Élégiaques

2023

60 x 42 cm, miroirs gravés

Le rapport à soi se pose comme notion maîtresse de cette pièce, reposant sur un principe simple : afin de pouvoir lire le texte qui se présente à lui, le spectateur doit en permanence être dans un alignement parfait avec les gravures, afin d’éviter les reflets de celles-ci.

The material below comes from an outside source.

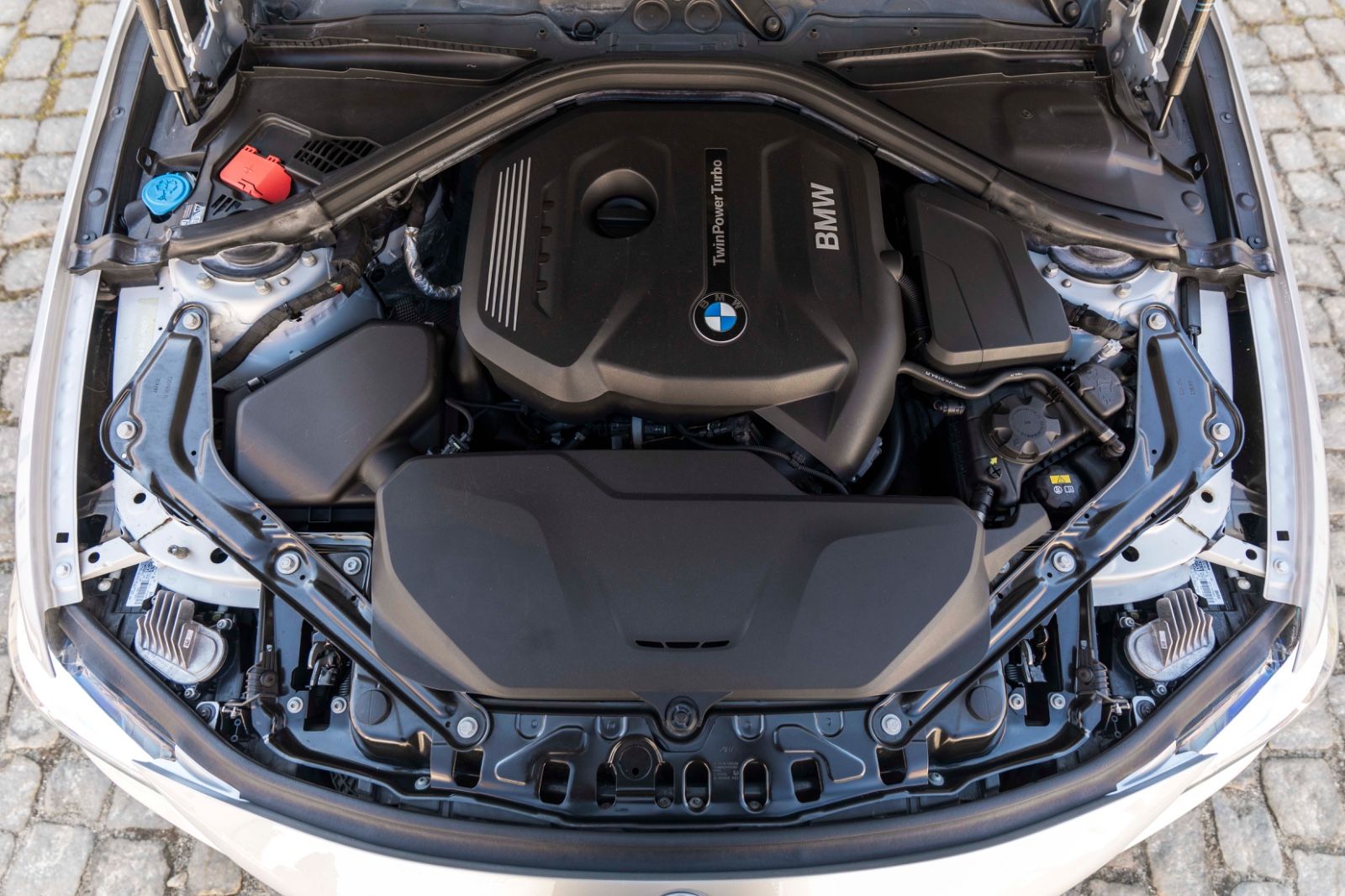 Fahrzeugabbildung BMW 430I Cabrio M-PERFORMANCE HUD H&K KAM CARPLAY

Dans le même temps, cela le force à toujours faire face à son reflet, dans lequel les mots viennent se perdre, et ainsi recréer les dialogues solitaires d’après minuit, éprouvés seul face au miroir de la salle de bain.

Extrait des Élégiaques :

Ici, il y a le vide, qui brûle et vibre dans les échos des clameurs qui résonnent dehors, dans le vieux monde, et qui ébranlent les immeubles ; j’ai beau danser, la course effrénée vers le précipice ne s’arrête jamais ; peut-être que ce n’est pas un gouffre de pierre et de pics, de tours éternelles et de dettes ; c’est aussi un océan, mais lequel ? Au fond j’y gis et vis, brisant cheyant, là où tous les artéfacts mémoriels s’étiolent dans les remous ; 1058 reflets ; la lumière s’ancre dans les rides et les pores ; je suis par maintes fois tenu éveillé, statuaire de poussière et de colère tantôt immobile, tantôt immuable, par la matière nocturne qui fait les rêveries que l’on me garde hors de portée, enfermées dans de grandes cages en verre doré, gardées par des colosses de mensonges, et ils sont les spicilèges d’une mascarade sans début ni fin, qui s’auto-perpétue dans des landes de brumes, au pays de février ; le fabuleux homo stellaris se rêve déjà sans nous, qui dormons entre la terre et le ciel, attachés à aucun des deux ; flottants, errants dans des mers de nuages, emprisonnés dans des cadres de polaroids, immortalisés dans un oubli de silence vrombissant, un jour l’image sera jaunie et racornie et il ne restera que des parcelles reliquaires d’argent rouillé ; corps dérivants, îlots sans pitons, dans un grand creux, mort, morne, morose, myriade d’étoiles filantes condamnées à l’impact ex nihilo, par surprise, naufrage impromptu, ad vitam aeternam, il sort de la machine, accompagné de ses armées de fantômes, à travers les mille et une fenêtres béantes donnant sur leurs esprits malades, pour une dernière chevauchée, en clamant que la vérité est au bout du couloir, derrière l’ultime bord du monde [...].